Ciò non di meno, lentamente, a Oshevensk tutto è tornato come nei tempi di sempre, quando non si parlava di rivoluzione, ma solo di fede, affetti famigliari, feste da celebrare assieme. La luce è tornata a splendere nelle tenebre: quella luce di una vita semplice, tenace, dove la religiosità fa parte della vita, dei gesti quotidiani come il mangiare e il dormire. Dove non ci si chiede se credere o no in Dio, ma ci s’impegna a servirlo.

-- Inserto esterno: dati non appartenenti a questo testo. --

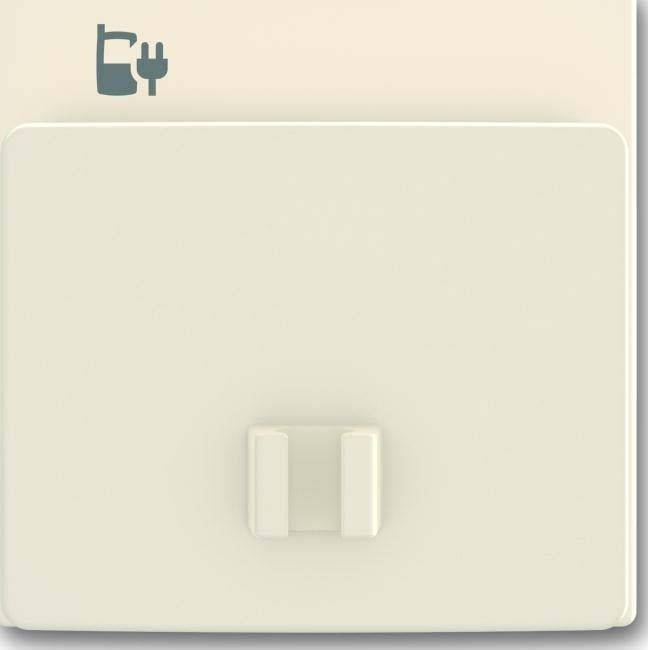 Busch-Jaeger Zentralscheibe elfenb-ws 6478-82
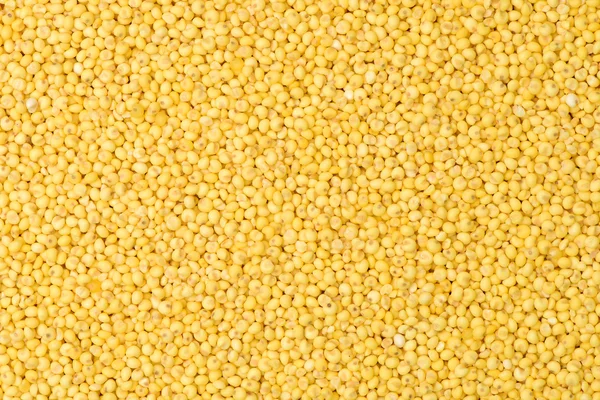 Yellow seeds millet — Stock Photo, Image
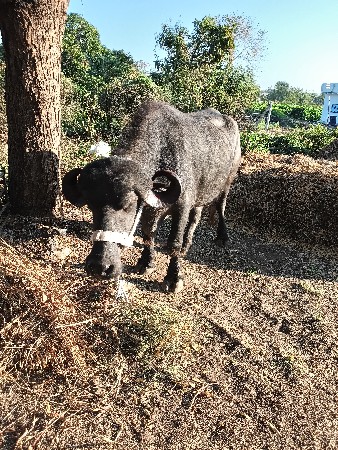 થંબનેલ 3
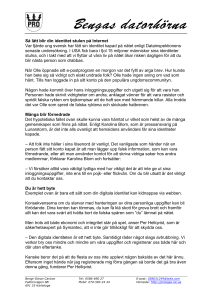 Så lätt blir din identitet stulen på Internet - PDF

In sintonia con le atmosfere di questo paese, le fotografie di Francesco Comello sono rispettose e quasi ovattate, a loro volta anacronistiche e volutamente non allineate con le tendenze contemporanee del reportage. Nel suo lavoro, infatti, non si trovano immagini dure, volutamente espressive, al limite della falsità. Lui usa il classico bianco e nero con delicatezza. Non impone la sua presenza, ma lascia che l’obiettivo della sua macchina diventi un sensore capace di accogliere piccole storie quotidiane, atmosfere, emozioni. Nel suo sguardo non c’è nessun senso di superiorità e neppure di lontananza: non scopre Oshevensk, la ri-trova come una parte di sé, come un luogo dell’anima, dove riavvertire il senso della vita che scorre lentamente. Mai nostalgico, il suo lavoro ci esorta a riscoprire la lezione del passato e della semplicità, per provare a dare un senso nuovo al nostro stesso futuro.(GF).